Re: John, Arnold? Re: Amendment to property tracking
Baker, Jürgen, Dominique, P1788
On 5 Jun 2011, at 21:51, Ralph Baker Kearfott wrote:
> John, Arnold,
> Please give your opinions...
> On 06/03/2011 09:58 AM, Nate Hayes wrote:
>>
>> It is also important to remember that both FTIA and FTDIA are theories.
>> As such, all they do is make *predictions* about the result of an
>> interval expression. Neither actually *compute* anything. So even though
>> they are necessary, they are not enough for a standard.
>>
>> For FTIA, this is why P1788 passed Motion 5, which provides interval
>> arithmetic operations to compute range enclosures consistent with FTIA.
>>
>> For FTDIA, this is why P1788 should pass Motion 25, which provides the
>> necessary operations to compute decorations consistent with FTDIA.
>> ...
>> Dominique Lohez wrote:
>> Jürgen Wolff von Gudenberg a écrit :
>>>> I would like to raise the question:
>>>> "Do we really need an FTDIA ?"
>>>> or is an FTIA sufficient?
>>> Yes, we need FTDIA The meaning of the theorem is to fulfill the precept
>>> Thou shalt not lie
>>> For the interval width , this leads to FTIA
>>> For decorations this leads yo FTDIA
>>> IMHO Interval arithmetic and Decoration Calculations must not be dealt
>>> with separately.
This is how I look at it, though no doubt only a partial view.

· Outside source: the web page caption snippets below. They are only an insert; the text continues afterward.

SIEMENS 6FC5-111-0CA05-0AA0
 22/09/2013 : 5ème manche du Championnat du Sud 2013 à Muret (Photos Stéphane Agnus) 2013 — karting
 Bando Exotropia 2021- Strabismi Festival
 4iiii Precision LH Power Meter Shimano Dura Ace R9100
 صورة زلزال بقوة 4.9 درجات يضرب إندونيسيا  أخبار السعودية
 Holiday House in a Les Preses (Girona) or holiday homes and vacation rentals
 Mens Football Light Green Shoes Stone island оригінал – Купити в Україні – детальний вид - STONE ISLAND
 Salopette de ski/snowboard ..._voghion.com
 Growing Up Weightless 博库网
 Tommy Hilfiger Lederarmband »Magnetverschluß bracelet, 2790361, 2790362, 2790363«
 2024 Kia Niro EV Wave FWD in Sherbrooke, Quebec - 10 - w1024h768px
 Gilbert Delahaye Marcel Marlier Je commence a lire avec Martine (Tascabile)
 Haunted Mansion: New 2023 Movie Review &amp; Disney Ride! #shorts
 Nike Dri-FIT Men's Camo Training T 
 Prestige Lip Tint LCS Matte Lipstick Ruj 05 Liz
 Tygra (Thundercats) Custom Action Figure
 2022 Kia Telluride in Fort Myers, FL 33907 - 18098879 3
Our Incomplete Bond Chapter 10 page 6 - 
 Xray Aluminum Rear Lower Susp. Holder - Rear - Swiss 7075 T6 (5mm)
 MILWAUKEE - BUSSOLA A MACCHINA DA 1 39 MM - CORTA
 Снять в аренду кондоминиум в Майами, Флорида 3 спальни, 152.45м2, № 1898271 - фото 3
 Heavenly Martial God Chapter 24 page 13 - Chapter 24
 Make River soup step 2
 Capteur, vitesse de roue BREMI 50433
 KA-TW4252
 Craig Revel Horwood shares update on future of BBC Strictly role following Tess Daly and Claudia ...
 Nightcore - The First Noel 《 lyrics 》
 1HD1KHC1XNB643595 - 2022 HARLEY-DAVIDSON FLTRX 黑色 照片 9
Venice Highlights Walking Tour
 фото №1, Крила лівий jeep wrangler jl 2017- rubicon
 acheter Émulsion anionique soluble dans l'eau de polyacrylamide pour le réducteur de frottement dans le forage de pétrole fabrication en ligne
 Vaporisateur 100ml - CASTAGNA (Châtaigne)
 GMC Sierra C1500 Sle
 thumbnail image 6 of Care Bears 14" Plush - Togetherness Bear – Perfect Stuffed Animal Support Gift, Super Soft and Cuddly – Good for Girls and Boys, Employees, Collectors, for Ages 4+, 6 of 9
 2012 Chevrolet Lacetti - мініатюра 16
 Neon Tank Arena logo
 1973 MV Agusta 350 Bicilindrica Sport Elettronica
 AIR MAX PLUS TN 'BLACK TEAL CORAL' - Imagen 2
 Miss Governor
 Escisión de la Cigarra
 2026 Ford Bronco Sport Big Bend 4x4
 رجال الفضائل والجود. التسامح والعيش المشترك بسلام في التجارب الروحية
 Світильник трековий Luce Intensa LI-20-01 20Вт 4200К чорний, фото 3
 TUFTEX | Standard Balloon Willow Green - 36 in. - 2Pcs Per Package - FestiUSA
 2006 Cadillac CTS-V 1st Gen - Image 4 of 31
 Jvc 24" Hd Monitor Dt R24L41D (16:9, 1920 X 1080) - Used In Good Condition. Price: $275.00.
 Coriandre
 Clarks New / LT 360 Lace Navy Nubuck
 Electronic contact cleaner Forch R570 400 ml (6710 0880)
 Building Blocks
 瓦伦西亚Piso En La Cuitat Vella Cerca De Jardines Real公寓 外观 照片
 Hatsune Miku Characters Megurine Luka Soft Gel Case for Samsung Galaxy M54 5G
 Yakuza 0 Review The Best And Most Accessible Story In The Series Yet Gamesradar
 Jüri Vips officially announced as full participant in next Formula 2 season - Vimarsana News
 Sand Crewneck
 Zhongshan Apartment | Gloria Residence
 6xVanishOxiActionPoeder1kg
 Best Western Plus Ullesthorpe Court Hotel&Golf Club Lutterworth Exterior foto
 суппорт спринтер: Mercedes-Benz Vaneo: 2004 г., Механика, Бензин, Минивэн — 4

Initially we thought of decorations as separate pieces of information that "tag along" while evaluating a function and are sort of subsidiary to the computed yy=f(xx) which, the FTIA says, encloses Range(f,xx).
It was Arnold's insight (and I think Nate was thinking on similar lines) to consider various combinations of the D+, D- and C bits as forming useful predicates p_d(f,xx) about pairs (function f, box xx). As a predicate can be regarded as "the set of things for which it is true", one could think of p_saf, p_def, etc. as being sets saf, def, etc.
If we can prove a given (f,xx) is in the set "saf", that is a smaller set and tells us more than if we can only prove it is in "def" or "con"; just as the smaller yy we can find, the more it tells us about Range(f,xx).
So, regarding decorated evaluation as a "joint enclosure", componentwise:
(computed range, computed decoration) \supseteq (true range, true decoration)
of f over xx, seemed sort of neat. That's what the FTDIA is.
Jürgen asks "Do we really need an FTDIA ?" Well, we need a decoration system in addition to the FTIA. Dominique is right that the 2 parts "must not be dealt with separately"; indeed CANNOT be dealt with separately.
But
- We don't HAVE to formulate it in the form of a FTDIA.
- There may yet be some flaw in the theory that makes such a formulation so messy that it doesn't help prospective users to understand the concepts.
- Or P1788, on studying a "final" FTDIA formulation, may just say "No thanks", and vote to go back to the original D+, D- and C bits.
Personally I continue to like the hierarchy of saf, def, etc. and the "joint enclosure" viewpoint, but some work is still needed to verify that it really can be made both tidy and watertight.